Commerce Secretary John Bryson says the Export-Import Bank "has… (Jonathan Ernst/Bloomberg )
WASHINGTON -- With many Republicans blocking re-authorization of the Export-Import Bank, Commerce Secretary John Bryson called the institution an example of good government that plays a vital role in the economy.
"Reauthorizing the Export-Import Bank should be a straightforward, sound, and simple decision," Bryson said Friday. "Or put another way, losing Ex-Im at a time when America’s businesses and workers are just getting back on their feet, would be unacceptable."
Bryson made the comments in prepared remarks before a receptive audience -- the bank's annual conference in Washington.

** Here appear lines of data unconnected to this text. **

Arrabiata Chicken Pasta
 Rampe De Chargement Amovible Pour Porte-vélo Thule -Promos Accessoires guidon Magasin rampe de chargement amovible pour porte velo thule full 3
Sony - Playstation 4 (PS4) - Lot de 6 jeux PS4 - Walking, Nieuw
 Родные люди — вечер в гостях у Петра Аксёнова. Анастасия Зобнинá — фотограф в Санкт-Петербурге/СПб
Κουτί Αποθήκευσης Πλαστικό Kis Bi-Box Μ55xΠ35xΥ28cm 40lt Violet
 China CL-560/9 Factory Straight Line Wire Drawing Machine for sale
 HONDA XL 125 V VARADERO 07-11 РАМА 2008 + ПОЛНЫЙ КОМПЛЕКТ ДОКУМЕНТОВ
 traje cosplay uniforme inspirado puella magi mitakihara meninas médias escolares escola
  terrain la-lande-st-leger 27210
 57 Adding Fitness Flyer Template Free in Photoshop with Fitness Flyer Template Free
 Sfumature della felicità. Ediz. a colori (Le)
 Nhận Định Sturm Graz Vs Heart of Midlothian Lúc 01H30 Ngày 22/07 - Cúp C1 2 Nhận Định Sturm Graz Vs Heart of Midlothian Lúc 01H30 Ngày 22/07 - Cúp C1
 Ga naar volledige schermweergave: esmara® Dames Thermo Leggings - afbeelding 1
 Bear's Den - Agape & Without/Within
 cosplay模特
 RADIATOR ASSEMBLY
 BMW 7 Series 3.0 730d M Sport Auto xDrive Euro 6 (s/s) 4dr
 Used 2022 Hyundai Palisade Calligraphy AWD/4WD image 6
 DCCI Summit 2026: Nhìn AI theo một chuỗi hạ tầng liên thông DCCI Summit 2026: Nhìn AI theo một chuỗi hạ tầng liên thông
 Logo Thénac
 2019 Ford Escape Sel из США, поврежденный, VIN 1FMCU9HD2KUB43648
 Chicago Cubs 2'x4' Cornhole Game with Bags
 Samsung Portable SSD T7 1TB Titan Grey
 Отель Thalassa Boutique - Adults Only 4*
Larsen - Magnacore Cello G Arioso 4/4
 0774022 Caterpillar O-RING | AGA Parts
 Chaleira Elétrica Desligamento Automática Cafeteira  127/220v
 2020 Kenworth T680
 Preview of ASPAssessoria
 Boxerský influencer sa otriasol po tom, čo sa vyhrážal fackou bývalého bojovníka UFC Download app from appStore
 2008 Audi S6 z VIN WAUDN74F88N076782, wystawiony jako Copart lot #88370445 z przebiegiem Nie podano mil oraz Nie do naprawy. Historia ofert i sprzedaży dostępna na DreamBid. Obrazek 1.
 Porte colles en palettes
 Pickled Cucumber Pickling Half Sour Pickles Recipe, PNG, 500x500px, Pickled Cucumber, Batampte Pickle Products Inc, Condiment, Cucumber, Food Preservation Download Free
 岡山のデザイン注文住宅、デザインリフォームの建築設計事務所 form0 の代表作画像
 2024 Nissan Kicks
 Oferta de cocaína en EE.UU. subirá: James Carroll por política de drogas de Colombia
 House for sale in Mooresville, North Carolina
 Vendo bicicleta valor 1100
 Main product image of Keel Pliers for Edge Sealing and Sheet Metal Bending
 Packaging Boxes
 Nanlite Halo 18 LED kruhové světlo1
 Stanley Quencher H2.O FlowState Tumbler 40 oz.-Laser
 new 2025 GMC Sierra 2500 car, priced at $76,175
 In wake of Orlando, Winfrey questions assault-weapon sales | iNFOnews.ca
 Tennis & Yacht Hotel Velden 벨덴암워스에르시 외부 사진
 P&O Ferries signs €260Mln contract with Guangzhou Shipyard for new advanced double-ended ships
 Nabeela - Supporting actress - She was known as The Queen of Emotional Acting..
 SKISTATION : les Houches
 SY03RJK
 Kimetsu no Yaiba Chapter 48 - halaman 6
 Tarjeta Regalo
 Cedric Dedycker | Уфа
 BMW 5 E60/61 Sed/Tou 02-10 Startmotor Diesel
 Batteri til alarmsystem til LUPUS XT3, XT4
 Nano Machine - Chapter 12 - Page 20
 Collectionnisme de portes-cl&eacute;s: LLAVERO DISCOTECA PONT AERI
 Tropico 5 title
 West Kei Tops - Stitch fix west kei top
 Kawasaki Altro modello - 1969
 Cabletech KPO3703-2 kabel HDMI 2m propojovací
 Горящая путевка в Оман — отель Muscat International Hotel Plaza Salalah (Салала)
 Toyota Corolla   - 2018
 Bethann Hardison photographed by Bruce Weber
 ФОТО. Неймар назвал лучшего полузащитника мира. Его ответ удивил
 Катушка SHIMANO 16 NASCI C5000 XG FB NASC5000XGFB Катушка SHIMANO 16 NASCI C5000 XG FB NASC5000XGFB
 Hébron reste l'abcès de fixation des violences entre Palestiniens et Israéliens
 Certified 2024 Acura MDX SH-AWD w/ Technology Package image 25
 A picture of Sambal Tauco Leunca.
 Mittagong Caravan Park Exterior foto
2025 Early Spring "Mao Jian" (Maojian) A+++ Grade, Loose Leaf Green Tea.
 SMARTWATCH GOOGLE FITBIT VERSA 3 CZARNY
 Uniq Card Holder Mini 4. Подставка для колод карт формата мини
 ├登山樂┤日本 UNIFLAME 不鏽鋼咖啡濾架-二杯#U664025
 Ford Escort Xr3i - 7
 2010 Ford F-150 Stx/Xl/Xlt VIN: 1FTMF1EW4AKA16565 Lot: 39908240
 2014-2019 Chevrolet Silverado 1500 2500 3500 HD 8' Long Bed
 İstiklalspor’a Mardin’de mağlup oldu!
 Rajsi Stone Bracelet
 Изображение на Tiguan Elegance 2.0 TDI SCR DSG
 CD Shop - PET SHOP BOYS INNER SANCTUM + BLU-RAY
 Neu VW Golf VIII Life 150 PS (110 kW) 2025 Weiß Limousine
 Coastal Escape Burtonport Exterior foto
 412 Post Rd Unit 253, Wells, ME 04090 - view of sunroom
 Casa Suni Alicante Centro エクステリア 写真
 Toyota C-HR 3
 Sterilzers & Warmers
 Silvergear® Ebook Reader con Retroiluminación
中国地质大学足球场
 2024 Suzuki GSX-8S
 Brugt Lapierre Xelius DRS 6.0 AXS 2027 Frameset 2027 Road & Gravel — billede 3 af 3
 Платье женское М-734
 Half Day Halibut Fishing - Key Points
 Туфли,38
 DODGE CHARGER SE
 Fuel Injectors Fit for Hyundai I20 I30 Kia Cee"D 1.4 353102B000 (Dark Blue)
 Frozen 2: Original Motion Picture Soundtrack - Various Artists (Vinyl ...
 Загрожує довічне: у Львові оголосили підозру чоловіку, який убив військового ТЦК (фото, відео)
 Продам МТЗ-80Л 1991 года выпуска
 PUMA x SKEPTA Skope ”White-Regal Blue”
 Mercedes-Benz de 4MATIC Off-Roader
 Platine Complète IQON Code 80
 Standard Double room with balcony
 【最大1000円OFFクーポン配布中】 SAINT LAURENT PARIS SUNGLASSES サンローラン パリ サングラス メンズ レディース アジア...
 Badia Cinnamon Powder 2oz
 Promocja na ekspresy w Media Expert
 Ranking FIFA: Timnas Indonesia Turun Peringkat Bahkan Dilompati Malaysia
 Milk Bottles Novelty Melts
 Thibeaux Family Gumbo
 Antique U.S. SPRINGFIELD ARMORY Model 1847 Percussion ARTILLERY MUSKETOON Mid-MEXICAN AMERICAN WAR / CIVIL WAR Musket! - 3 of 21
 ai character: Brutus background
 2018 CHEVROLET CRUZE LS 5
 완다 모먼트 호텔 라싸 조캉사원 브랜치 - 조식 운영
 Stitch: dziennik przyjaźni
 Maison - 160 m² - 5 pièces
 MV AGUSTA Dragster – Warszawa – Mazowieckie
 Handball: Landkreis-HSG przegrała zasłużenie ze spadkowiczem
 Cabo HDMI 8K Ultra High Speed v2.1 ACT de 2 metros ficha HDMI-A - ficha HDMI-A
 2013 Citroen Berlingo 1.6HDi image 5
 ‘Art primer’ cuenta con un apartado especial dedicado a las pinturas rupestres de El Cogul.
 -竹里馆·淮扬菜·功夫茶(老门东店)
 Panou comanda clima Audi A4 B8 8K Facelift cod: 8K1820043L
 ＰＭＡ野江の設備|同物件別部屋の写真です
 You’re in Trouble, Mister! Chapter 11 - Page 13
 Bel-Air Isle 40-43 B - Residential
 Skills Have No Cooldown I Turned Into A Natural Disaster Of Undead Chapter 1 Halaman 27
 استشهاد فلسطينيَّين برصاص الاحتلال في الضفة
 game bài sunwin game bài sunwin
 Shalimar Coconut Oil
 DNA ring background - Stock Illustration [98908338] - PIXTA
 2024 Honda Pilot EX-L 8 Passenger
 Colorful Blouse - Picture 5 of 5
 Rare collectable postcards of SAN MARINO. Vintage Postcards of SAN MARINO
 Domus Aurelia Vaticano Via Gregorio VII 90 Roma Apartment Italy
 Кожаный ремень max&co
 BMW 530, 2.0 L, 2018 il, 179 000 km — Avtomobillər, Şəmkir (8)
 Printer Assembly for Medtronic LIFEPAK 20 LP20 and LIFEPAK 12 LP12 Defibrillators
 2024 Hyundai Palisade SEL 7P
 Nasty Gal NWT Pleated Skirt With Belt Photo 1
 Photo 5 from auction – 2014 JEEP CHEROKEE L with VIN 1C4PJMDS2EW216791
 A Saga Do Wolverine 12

His push for re-authorization, part of an overall Obama administration effort, came a day after former president Bill Clinton, giving the conference keynote, made the same pitch.
The bank helps finance U.S. exports with loan guarantees that ultimately are backed by the government. Its authorization expires at the end of next month.
The administration and some leading business groups want to reauthorize the bank and gradually increase its lending capacity to $140 billion by 2015 from $100 billion.
But some Republicans have blocked the re-authorization. They call the bank an example of crony capitalism that leads the government to pick winners and losers in the marketplace.
Opponents have been urged on by conservative groups such as the Club for Growth, which last month hammered the bank for past loan guarantees for Hollywood films.
Bryson said the bank's financing led to about $41 billion in U.S. exports last year, and the loan guarantees did not cost taxpayers any money.
"In fact, Ex-Im has actually generated revenues for the U.S. Treasury since the 1990s," he said. "Now that’s smart government."
The bank has been working closely with the Commerce Department to try to meet President Obama's goal of doubling U.S. exports from 2010 to 2015.